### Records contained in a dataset
[Start of section]
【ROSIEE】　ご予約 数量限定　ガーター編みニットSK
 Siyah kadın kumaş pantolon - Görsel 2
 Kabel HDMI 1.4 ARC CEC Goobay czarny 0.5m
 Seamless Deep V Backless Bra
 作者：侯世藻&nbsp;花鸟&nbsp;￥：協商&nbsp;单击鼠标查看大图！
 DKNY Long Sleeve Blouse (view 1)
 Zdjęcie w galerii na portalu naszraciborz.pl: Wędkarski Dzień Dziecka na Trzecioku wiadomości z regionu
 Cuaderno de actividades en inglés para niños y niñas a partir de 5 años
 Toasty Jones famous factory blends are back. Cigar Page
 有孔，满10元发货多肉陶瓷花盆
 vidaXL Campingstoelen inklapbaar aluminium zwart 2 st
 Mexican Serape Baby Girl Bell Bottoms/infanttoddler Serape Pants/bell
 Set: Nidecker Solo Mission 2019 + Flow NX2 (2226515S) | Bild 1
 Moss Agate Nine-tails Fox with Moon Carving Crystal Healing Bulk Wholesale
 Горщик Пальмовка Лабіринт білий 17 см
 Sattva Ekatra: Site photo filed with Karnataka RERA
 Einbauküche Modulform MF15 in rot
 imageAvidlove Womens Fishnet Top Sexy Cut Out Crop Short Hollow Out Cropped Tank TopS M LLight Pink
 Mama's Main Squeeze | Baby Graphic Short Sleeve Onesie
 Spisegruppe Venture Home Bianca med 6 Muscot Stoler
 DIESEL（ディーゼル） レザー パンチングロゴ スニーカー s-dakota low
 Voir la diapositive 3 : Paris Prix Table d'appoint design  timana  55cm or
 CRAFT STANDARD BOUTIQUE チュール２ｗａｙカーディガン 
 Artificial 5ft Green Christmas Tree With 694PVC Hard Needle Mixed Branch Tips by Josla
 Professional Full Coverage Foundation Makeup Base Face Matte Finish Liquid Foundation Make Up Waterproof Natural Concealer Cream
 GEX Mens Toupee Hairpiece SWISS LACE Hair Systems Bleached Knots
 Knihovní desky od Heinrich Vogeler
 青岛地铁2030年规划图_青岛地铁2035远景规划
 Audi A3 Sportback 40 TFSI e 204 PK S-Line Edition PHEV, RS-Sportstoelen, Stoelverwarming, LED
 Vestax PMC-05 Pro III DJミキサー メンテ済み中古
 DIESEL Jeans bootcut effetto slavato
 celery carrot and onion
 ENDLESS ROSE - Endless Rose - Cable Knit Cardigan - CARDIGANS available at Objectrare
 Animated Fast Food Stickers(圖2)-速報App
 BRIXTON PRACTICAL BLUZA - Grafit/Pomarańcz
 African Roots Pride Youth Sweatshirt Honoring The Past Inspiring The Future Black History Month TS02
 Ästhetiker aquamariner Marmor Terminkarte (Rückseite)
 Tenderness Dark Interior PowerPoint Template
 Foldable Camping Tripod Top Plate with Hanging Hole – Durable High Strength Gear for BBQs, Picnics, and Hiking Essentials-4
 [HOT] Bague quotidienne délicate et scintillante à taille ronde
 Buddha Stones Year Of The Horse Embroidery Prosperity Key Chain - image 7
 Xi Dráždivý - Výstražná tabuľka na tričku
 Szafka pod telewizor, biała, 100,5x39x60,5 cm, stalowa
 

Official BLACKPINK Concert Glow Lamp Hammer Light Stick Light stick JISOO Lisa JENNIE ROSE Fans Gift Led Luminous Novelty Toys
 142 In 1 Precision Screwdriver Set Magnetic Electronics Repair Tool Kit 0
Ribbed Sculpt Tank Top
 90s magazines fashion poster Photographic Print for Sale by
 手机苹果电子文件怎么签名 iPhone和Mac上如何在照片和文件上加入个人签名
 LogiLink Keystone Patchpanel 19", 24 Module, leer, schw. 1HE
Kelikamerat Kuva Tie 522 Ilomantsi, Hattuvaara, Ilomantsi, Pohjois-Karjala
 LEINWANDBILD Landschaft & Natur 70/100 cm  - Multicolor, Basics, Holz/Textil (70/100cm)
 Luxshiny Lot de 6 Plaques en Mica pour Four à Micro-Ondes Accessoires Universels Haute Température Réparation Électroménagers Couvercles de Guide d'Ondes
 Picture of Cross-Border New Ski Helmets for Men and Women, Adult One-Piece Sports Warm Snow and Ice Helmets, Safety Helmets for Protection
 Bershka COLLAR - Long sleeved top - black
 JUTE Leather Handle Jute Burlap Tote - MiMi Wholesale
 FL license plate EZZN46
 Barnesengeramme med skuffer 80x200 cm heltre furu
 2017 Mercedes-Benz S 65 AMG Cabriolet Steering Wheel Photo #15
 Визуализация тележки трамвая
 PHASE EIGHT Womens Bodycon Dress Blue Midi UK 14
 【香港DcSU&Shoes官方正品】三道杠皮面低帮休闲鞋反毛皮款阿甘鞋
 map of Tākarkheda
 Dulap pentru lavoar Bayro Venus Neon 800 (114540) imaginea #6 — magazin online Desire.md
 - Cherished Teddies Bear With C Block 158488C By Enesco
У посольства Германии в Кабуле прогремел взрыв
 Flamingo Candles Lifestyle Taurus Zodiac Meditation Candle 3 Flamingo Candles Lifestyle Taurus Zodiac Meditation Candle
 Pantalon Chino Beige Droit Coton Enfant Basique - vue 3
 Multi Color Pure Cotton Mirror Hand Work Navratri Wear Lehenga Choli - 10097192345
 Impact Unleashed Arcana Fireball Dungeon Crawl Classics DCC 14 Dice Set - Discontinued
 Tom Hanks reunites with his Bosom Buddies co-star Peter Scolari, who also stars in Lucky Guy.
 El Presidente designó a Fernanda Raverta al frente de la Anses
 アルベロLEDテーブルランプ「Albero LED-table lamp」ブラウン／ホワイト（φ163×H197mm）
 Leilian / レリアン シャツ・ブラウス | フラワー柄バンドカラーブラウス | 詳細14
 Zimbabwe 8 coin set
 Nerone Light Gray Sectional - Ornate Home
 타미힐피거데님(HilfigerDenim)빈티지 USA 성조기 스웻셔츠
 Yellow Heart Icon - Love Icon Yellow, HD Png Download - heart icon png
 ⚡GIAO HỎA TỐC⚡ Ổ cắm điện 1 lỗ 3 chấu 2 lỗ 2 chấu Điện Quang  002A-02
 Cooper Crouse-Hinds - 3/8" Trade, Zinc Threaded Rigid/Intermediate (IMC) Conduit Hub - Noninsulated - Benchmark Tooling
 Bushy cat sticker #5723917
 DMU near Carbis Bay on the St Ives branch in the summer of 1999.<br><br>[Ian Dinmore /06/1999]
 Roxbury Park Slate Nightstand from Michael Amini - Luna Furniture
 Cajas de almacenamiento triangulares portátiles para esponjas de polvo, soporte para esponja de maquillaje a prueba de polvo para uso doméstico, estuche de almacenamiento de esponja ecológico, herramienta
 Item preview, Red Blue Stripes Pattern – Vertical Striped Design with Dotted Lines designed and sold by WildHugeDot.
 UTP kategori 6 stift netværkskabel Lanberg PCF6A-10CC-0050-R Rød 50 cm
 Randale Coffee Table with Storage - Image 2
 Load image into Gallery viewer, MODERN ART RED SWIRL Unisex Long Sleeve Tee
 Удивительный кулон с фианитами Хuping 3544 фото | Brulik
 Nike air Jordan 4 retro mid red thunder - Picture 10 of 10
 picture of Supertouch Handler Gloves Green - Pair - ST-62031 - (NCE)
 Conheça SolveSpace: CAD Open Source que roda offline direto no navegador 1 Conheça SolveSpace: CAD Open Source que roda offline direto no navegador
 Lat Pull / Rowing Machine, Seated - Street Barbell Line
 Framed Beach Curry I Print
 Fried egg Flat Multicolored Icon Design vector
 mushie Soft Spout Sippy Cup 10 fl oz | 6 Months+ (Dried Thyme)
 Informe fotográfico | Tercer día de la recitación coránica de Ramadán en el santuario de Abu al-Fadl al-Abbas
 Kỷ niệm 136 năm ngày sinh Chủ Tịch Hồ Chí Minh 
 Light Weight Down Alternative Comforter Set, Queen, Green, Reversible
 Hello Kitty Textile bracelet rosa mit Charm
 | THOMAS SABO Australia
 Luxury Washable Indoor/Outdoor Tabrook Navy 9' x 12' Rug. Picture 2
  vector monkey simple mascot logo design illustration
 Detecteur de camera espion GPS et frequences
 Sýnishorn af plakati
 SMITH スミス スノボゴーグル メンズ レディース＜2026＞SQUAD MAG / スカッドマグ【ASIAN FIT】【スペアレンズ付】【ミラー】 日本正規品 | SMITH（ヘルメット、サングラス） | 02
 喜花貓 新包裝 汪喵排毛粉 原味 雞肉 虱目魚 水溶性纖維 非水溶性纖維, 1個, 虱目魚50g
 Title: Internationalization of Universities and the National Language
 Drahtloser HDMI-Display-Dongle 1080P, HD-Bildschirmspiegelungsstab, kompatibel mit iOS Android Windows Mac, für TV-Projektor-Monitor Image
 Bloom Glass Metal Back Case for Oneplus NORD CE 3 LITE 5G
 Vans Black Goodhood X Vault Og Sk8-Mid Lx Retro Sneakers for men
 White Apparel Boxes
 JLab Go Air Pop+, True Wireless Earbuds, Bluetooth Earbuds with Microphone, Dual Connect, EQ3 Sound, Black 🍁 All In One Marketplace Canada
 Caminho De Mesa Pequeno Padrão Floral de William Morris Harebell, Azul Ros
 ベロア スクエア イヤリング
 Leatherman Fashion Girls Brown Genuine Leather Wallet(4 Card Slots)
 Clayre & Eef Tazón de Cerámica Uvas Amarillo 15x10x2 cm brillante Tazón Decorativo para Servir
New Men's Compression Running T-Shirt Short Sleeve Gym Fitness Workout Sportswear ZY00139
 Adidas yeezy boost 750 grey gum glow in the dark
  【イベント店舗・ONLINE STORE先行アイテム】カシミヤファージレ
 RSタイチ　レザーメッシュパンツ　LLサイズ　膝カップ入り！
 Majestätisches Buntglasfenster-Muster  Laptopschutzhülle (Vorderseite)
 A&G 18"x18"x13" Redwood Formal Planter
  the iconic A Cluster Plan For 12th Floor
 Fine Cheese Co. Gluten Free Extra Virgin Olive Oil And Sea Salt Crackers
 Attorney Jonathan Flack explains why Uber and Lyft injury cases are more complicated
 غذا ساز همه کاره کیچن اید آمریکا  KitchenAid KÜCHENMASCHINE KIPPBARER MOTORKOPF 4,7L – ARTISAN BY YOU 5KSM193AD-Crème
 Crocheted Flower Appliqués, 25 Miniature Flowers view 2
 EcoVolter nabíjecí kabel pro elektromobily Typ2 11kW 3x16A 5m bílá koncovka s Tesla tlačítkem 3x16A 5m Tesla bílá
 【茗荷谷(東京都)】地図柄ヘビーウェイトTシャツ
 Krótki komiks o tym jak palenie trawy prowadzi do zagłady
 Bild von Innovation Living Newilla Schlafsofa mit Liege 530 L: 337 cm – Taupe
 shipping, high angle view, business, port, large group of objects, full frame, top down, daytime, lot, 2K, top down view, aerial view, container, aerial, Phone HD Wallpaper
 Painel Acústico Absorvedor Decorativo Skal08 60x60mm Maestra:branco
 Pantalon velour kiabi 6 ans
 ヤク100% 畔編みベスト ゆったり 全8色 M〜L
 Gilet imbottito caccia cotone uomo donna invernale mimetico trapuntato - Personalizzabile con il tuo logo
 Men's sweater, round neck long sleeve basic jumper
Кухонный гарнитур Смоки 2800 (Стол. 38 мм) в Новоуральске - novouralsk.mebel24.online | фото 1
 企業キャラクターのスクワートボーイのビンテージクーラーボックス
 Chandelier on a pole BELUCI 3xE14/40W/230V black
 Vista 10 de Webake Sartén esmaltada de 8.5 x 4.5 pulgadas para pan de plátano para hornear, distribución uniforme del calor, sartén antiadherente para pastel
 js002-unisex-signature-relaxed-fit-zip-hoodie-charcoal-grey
[End of section]
### Assignment
Give back exactly the lines above starting at the line where "Tom Hanks reunites" appears and ending at the line where "Yellow Heart Icon" appears, both included, with no other lines.

### Finished exercise
 Tom Hanks reunites with his Bosom Buddies co-star Peter Scolari, who also stars in Lucky Guy.
 El Presidente designó a Fernanda Raverta al frente de la Anses
 アルベロLEDテーブルランプ「Albero LED-table lamp」ブラウン／ホワイト（φ163×H197mm）
 Leilian / レリアン シャツ・ブラウス | フラワー柄バンドカラーブラウス | 詳細14
 Zimbabwe 8 coin set
 Nerone Light Gray Sectional - Ornate Home
 타미힐피거데님(HilfigerDenim)빈티지 USA 성조기 스웻셔츠
 Yellow Heart Icon - Love Icon Yellow, HD Png Download - heart icon png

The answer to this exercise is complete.